Canbek O. A., ATAGÜN M. İ., Balaban O. D., Ipekcioglu D., Alpugan B., Yalcin S., ...More

Psychiatry and Clinical Psychopharmacology, vol.31, no.2, pp.157-164, 2021 (SCI-Expanded) identifier identifier

  • Publication Type: Article / Article
  • Volume: 31 Issue: 2
  • Publication Date: 2021
  • Doi Number: 10.5152/pcp.2021.20161
  • Journal Name: Psychiatry and Clinical Psychopharmacology
  • Journal Indexes: Science Citation Index Expanded (SCI-EXPANDED), Scopus, TR DİZİN (ULAKBİM)
  • Page Numbers: pp.157-164
  • Keywords: Electroconvulsive therapy, extracellular matrix, lecticans
  • Çanakkale Onsekiz Mart University Affiliated: No


Background: The brain extracellular matrix (ECM) is composed of glycoproteins deriving from the cell membrane and joining into nets called perineuronal nets (PNNs). The ECM glycoproteins limit neuroplasticity, cell proliferation, and differentiation. Electroconvulsive therapy (ECT) is provided by electrical currents that may alter several cascades and biophysical effects. ECM conformation might be influenced by the effects of ECT. Methods: Patients with depressive disorders (n = 23) and healthy control subjects (n = 21) were enrolled. Serum levels of the ECM glycoproteins versican, brevican, neurocan, phosphocan and tenascin C were measured with enzyme-linked immunosorbent assay. Serum samples were collected from the patients in the patient group at 3 time points: before ECT, 30 min after the first session, and 30 min after the seventh session. Results: There was a significant difference in tenascin C levels (P =.001) between the groups.

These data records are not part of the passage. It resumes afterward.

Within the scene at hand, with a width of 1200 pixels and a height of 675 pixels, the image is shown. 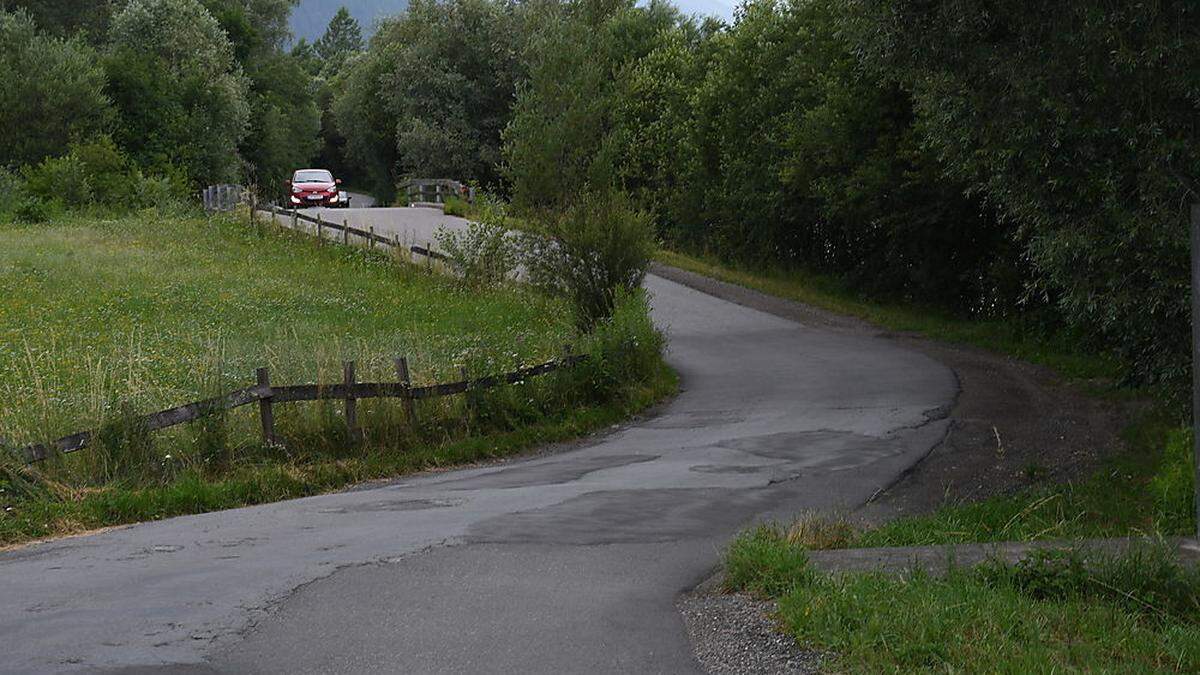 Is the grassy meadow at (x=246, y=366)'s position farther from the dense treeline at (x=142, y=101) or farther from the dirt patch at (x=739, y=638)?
the dense treeline at (x=142, y=101)

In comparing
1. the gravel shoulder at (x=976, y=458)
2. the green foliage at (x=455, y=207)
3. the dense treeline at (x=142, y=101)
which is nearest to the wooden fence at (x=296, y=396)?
the gravel shoulder at (x=976, y=458)

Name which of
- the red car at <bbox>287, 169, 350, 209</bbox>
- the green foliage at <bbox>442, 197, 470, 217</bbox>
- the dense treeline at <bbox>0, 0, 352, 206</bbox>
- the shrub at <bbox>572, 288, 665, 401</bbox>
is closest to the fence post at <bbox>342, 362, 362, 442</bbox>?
the shrub at <bbox>572, 288, 665, 401</bbox>

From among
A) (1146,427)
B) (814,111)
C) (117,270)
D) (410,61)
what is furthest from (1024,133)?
(410,61)

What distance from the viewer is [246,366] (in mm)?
18406

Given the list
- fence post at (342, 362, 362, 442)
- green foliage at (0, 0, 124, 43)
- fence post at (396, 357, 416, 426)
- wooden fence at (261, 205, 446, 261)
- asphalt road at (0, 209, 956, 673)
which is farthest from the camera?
green foliage at (0, 0, 124, 43)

No other significant difference was observed. Serum levels of the measured ECM glycoproteins and prolidase activity did not differ in the depression group after the administration of ECT. Conclusions: Our results did not support the claim suggesting a possible mechanism for modulation of ECM glycoproteins by ECT. Serum levels may not necessarily reflect conformational changes in the ECM. Further studies are needed to investigate the effects of ECT on ECM glycoproteins. Modulation of the ECM may provide a new window suggesting improvement in treatments.